Courage to Listen to Our Spirited Body, Receiving Energies-In-Formation

More than two months went by from the 6th of May till the 24th of July 2024 without recording podcasts. Then, while I was preparing to leave for a walk with Gem (my dearest canine friend) I got prompted to take my Dictaphone, because ‘something’ was coming.

And Yes, in the woods I ‘just’ pushed the ‘record button’, let it flow and with hindsight I can say that it was the kick-start of a new phase in life, a lot of upheaval with people around, emotional tsunami’s, letting go of patterns, acting out, expressing, withdrawing myself, holding back frustration, coming out of hiding, playing, dancing, singing and so on, which resulted in the start of Okeko Radio to let it flow even more AND publish!

I’ve recorded so much in the past, but I hardly publish… and now I realize that this is also a reflection of the traditional way of life of people around me, in short, getting not giving. Seeing the inconvenient truth of my attempts to DO something about that by sharing, helping, supporting others, to proof myself and hoping for praise for my DOING, acknowledgement for my efforts and being seen in my struggles, I totally forgot about ME, and BE.

The mover & shaker is part of ME. I don’t need to push it, withdraw and push it again if I allow the buzz in myself, buzz in my bee, all moments, with and/or without others. I didn’t foresee that this realization would bring me the unhealed stuff in my informed bio-energy sphere aka Cosmic Egg, put it on a plate before me, rubbed my nose in it, let the tears flow, made me roar like a lion and tremble in my bed until I said: “can’t have more of it!”….

Spirits Answered: “Don’t Need To... You Went In, Got Through And Passed”, which I got confirmed in a shamanic healing session without telling my story to the woman who gave me the session. The Spirit messing me about (or entity as the shaman called it) let me of the hook and the integration of the shamanic healing session took me another two months to allow settling, sinking, grounding, ‘just be in nature’, listening to birds, horses, dogs, trees, people, streams and hills, enabling me to sync, fine-tune, receiving energies-in-formation that brought me to a higher level of understanding me, the courage to be, then just be, then bee in the buzz of being on the wu-wei-way (doing without doing) and giving in to spirited prompts, forces, intelligence, flows of love and nudges to create, manifest, act, move, love, sing and dance, etc..

I believe it’s quite an entertaining intermezzo to hear the start of Okeko Radio in between listening to the various episodes of me expressing as a radio host, so here you go….

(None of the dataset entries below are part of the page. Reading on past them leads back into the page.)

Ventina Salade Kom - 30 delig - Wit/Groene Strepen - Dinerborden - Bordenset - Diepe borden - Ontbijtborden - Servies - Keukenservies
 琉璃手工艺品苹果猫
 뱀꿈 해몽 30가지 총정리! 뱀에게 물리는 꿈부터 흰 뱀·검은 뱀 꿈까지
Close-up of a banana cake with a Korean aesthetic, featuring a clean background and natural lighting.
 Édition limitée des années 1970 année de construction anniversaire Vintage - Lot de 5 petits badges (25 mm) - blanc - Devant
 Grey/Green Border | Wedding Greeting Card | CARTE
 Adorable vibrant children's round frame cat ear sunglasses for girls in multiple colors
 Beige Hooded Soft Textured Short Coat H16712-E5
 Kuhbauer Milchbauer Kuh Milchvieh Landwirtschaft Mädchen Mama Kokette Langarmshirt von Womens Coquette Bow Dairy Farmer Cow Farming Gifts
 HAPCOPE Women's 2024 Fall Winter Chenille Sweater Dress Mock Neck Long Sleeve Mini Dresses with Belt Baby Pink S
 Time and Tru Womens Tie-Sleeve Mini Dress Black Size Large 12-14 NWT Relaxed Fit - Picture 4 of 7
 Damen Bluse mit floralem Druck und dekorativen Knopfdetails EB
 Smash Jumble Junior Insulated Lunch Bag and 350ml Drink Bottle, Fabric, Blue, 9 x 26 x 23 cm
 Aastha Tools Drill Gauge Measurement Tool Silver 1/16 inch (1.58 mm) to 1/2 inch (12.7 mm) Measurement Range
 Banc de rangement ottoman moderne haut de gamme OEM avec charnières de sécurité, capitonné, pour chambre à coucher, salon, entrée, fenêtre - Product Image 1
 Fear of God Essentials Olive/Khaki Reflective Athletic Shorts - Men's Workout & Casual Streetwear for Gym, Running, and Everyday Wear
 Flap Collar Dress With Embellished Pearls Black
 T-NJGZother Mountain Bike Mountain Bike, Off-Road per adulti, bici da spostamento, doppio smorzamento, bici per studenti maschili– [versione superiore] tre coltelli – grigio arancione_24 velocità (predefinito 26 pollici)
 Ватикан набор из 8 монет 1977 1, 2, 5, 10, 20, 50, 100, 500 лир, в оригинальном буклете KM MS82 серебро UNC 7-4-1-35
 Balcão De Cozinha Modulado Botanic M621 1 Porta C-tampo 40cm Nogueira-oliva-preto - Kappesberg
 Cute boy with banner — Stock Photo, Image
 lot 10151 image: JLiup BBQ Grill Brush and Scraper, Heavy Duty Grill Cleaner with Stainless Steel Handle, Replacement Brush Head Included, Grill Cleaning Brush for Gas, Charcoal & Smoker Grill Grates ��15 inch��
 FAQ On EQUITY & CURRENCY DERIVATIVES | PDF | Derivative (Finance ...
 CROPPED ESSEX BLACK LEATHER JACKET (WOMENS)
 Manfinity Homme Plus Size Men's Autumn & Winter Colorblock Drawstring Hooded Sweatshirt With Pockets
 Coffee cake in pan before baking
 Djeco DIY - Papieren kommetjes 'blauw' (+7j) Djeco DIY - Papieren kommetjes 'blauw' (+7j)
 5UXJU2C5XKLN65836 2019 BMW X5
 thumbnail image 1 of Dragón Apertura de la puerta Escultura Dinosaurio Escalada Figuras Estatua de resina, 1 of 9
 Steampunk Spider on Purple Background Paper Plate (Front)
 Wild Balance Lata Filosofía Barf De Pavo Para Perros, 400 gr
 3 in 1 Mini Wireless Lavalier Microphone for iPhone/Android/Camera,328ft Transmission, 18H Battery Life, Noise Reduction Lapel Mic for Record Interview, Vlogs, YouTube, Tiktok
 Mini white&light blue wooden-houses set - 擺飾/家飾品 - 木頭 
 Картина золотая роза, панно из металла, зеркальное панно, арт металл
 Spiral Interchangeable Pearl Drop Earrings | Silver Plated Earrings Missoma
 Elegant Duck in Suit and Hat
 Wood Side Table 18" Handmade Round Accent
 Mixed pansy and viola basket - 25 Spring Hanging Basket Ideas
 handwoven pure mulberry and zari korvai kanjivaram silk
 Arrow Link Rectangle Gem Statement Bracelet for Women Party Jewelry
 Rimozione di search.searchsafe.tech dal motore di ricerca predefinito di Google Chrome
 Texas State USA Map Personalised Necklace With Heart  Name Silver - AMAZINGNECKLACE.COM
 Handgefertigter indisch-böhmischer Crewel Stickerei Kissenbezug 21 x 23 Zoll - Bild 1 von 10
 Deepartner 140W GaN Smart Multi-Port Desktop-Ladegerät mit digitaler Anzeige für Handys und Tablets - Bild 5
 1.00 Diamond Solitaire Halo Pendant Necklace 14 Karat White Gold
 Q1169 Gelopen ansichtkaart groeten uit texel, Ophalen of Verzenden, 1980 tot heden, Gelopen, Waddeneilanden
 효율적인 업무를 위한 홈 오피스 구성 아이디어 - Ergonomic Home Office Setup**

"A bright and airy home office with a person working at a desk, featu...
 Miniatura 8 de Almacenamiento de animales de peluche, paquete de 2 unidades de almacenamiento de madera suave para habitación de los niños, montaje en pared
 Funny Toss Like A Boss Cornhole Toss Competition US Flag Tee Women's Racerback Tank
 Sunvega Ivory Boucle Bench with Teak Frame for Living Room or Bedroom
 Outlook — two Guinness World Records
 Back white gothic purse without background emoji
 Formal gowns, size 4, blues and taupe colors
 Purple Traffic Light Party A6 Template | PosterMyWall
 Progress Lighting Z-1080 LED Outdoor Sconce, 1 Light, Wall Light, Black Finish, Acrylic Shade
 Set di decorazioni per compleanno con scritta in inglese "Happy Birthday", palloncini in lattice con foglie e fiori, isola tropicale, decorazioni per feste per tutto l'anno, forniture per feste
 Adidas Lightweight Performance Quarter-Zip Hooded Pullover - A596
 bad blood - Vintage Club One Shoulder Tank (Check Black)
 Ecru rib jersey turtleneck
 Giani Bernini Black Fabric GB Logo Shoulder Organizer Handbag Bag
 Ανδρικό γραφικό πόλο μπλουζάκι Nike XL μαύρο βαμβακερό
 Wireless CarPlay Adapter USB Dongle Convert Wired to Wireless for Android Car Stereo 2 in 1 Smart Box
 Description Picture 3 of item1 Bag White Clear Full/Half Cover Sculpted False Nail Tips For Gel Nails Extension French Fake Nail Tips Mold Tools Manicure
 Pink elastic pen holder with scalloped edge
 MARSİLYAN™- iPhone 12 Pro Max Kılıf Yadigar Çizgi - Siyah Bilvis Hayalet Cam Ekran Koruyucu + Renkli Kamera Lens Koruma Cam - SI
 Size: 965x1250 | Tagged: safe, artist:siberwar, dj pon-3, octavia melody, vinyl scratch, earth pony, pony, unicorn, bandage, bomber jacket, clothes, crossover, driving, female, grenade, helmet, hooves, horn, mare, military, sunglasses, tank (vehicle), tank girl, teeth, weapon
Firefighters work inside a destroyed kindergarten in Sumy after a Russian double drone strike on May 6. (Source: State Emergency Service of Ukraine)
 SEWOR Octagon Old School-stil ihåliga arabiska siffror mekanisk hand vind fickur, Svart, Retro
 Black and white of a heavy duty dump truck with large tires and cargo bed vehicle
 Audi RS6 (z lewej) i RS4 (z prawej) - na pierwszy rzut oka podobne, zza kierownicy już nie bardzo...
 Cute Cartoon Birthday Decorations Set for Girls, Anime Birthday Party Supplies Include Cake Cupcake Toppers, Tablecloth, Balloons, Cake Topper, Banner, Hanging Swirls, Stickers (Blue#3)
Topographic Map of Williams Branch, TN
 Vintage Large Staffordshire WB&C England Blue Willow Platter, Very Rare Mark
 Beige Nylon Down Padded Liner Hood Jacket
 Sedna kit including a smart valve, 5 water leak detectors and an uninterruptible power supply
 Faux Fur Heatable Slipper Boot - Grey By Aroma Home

I’ll add a copy of the text in my journal, the day that I recorded the ‘to be or not be’ podcast. (24 July 2024)

I’m gonna post this, in my view, messy podcast to get over the remnants of ‘miss perfect’ character whispering in the background that I can’t ‘just’ feel inspired and express, making mistakes and share it all without edits while I know that doing the editing work to perfectly present what lights me up, the way ‘miss perfect’ wants, will take all the juice out of it and I end up not posting at all.

So… here you go ‘miss’; I won’t miss you at all!

If this is not a great example of how identification with a character (forced upon me in childhood, and for me… that is if I want to learn a profound lesson in life) saps joy and steals the spotlight in my showing up as me, I don’t know what is.

To Be or Not To Be; that’s the question

All action is acting, and it can get fixed in playing a role totally and permanently. No wonder we’ll invite reactions from other actors.

‘Just Be’ is in my view the middle-ground between ‘to be’ and ‘not be’ where I have a choice to express, respond and feel what’s going on in and around me.

I want to remark the nuance between a reaction and response, the latter asks me to engage and take part instead of acting a part. It’s a risk to take part, it’s stepping into the unknown, I’m not in total control when I dance with another body, because I need to surrender to the tunes, atmosphere, energy-field of the other dancer, soak it all up like a sponge and allow my body to respond. It usually feels great to engage, take part, play and respond, because I’m spending energy that fuels me, so that we can weave and reach beyond the known.

I’m Just Me

It makes me giggle when I think about the word ‘presence’ and feel how much I want to play with it.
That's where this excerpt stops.